Rural and distance education

The Department of Education has distance education provisions in place to deliver full-time educational programs to students who are isolated or whose special circumstances prevent them from attending school on a regular basis. Single-subject (Years 9 to 12) programs are also provided to specific categories of students. Schools in remote areas are also given support through the NSW Country Areas Program (CAP). Distance education provision is available from 16 locations across the state.

Primary

  • Bourke Walgett School of Distance Education (4644) — Bourke Campus
  • Bourke Walgett School of Distance Education (4644) — Walgett Campus
  • North East Public School of Distance Education (4643) — Casino Campus
  • North East Public School of Distance Education (4643) — Port Macquarie Campus
  • Queanbeyan Public School (2922)
  • School of the Air (5302) — Broken Hill Campus
  • School of the Air (5302) — Hay Campus
  • Sydney Distance Education Primary School (4586)
  • Tibooburra Outback School of the Air (3211)

Secondary

  • Camden Haven High School (4428)
  • Karabar High School (8524)
  • Open High School (8588)
  • Sydney Distance Education High School (8587) K–12
  • Distance Education Support Unit — Sir Eric Woodward Memorial School (special education) (5675)
  • Dubbo School of Distance Education (P–12) (4587)
  • Southern Cross School (4428)

Saturday School of Community Languages

Saturday School of Community Languages teaches languages to students from government and non-government secondary schools or from TAFE HSC programs who wish to study their background community language to Record of School Achievement (RoSA) and Higher School Certificate levels but are unable to do so at their home school. Courses are available in 24 languages at Higher School Certificate level. These include Arabic, Armenian, Bengali (Bangla), Bosnian, Chinese, Croatian, Dutch, Filipino, Hindi, Hungarian, Italian, Japanese, Khmer, Korean, Macedonian, Modern Greek, Maltese, Persian, Polish, Portuguese, Serbian, Spanish, Turkish, Ukrainian and Vietnamese. A Bosnian class is also on offer at Liverpool Girls High. There are approximately 3400 students enrolled in the Saturday school in Years 7 to 12 at the following campuses:

  • Arthur Phillip High School
  • Ashfield Boys High School
  • Bankstown Girls High School
  • Birrong Boys High School
  • Birrong Girls High School
  • Chatswood High School
  • Dulwich High
  • Kogarah High
  • Liverpool Boys High School
  • Liverpool Girls High School
  • Merewether High School
  • Randwick North High School
  • St George Girls High School
  • Strathfield Girls High School
  • Smiths Hill High School
  • The Hills Sports High School

The Saturday School of Community Languages can be contacted on 02 7814 2115, saturdaycl-h.school@det.nsw.edu.au or saturdaycl-h.schools.nsw.gov.au

Secondary Intensive English Centres and the Intensive English High School

Newly arrived secondary-aged students requiring intensive English as a Second Language (ESL) support in metropolitan Sydney and Wollongong may be able to enrol in an Intensive English Centre (IEC) or the Intensive English High School (IEHS) before transferring to high school.

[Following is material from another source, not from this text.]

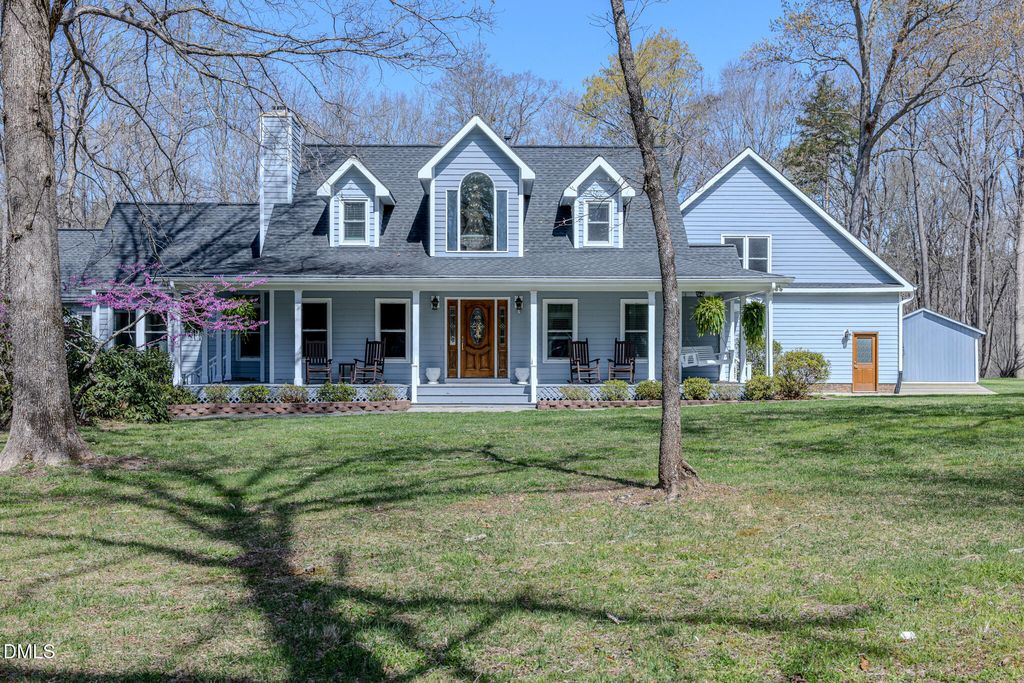 4000 Woodland Park Drive, Hillsborough, NC 27278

IECs and the IEHS provide intensive ESL tuition to recently arrived, high-school-aged students whose first language is not English. The IECs/IEHS provide English language, orientation, settlement and welfare programs to prepare students for study in a NSW high school. To be eligible for enrolment in an IEC/IEHS, students must be of high school age and meet eligibility requirements relating to the need for intensive ESL support, and will need to provide the date of arrival in Australia and residency status. In certain cases, Year 6 students may transfer from a primary school to an IEC/IEHS to prepare for entry to high school the following year.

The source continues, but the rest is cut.